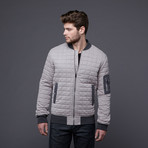 Puffy Jacket // Stone (L)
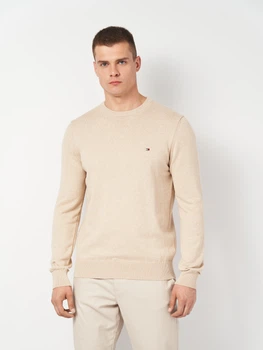 Джемпер чоловічий Tommy Hilfiger 11368.2 XL Бежевий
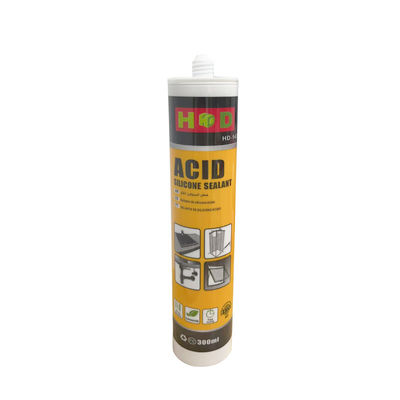 Un buon prezzo. Highly Effective Acid Silicone Sealant for a Wide Range of Applications in linea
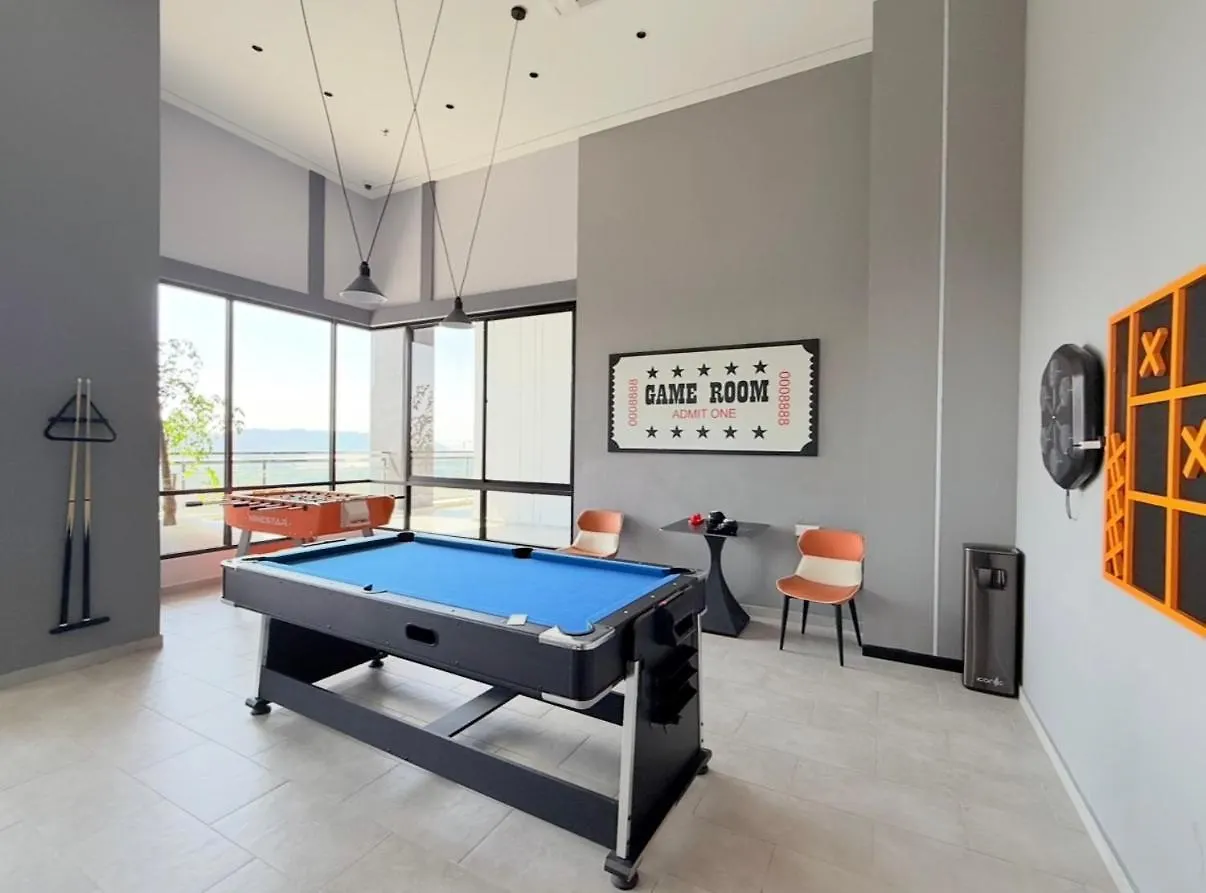 Iconic Regency By Bnb4U Bayan Lepas Apartment
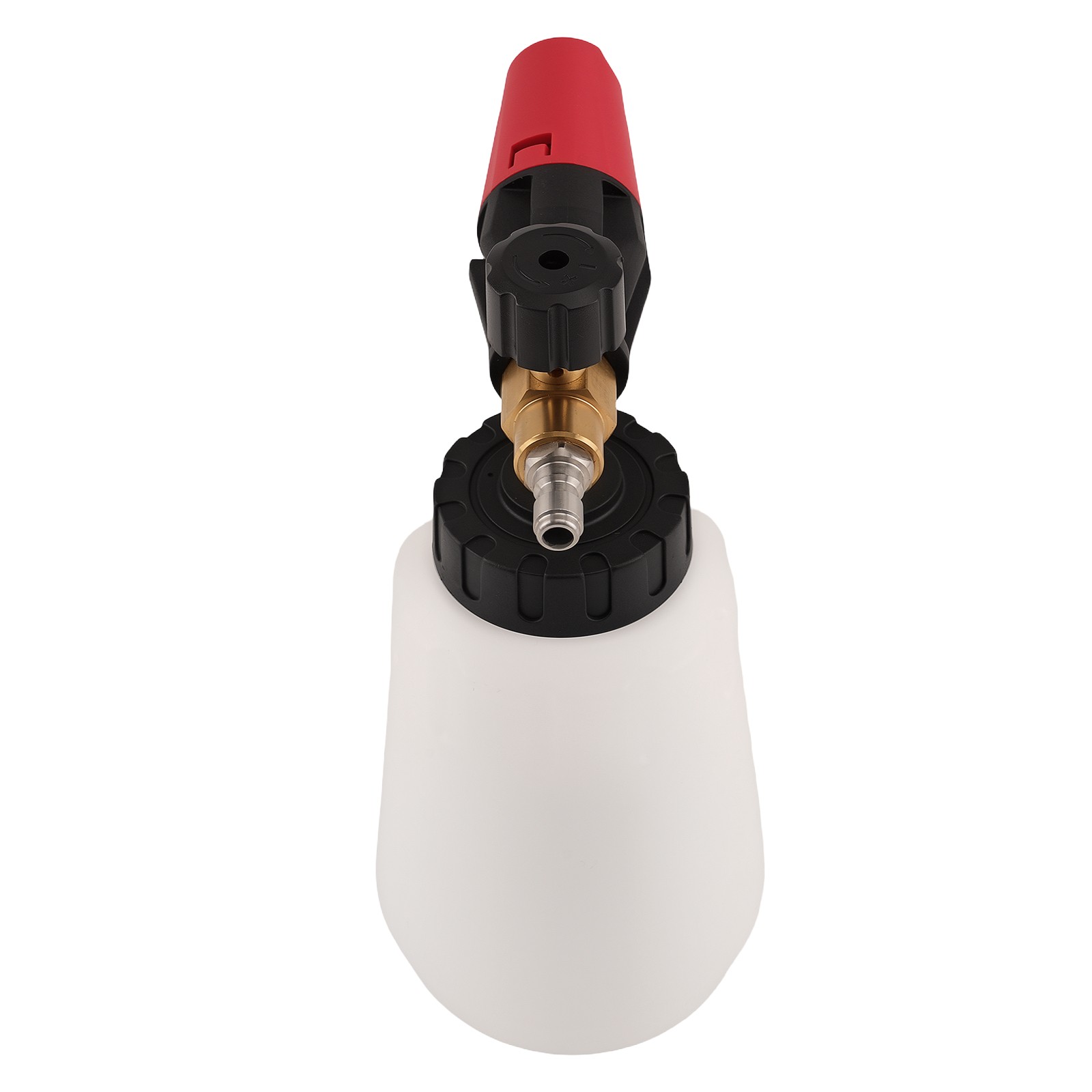 Adjustable Car Foam Cannon For Auto Detail 3800PSI Pressure Washer Soap Gun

→ How to complete this task: The reply should hold only the lines from the first line of the records above through the line containing "Iconic Regency By", copied exactly and without pictures.

→ Exercise answer:
 Puffy Jacket // Stone (L)
 Джемпер чоловічий Tommy Hilfiger 11368.2 XL Бежевий
 Un buon prezzo. Highly Effective Acid Silicone Sealant for a Wide Range of Applications in linea
 Iconic Regency By Bnb4U Bayan Lepas Apartment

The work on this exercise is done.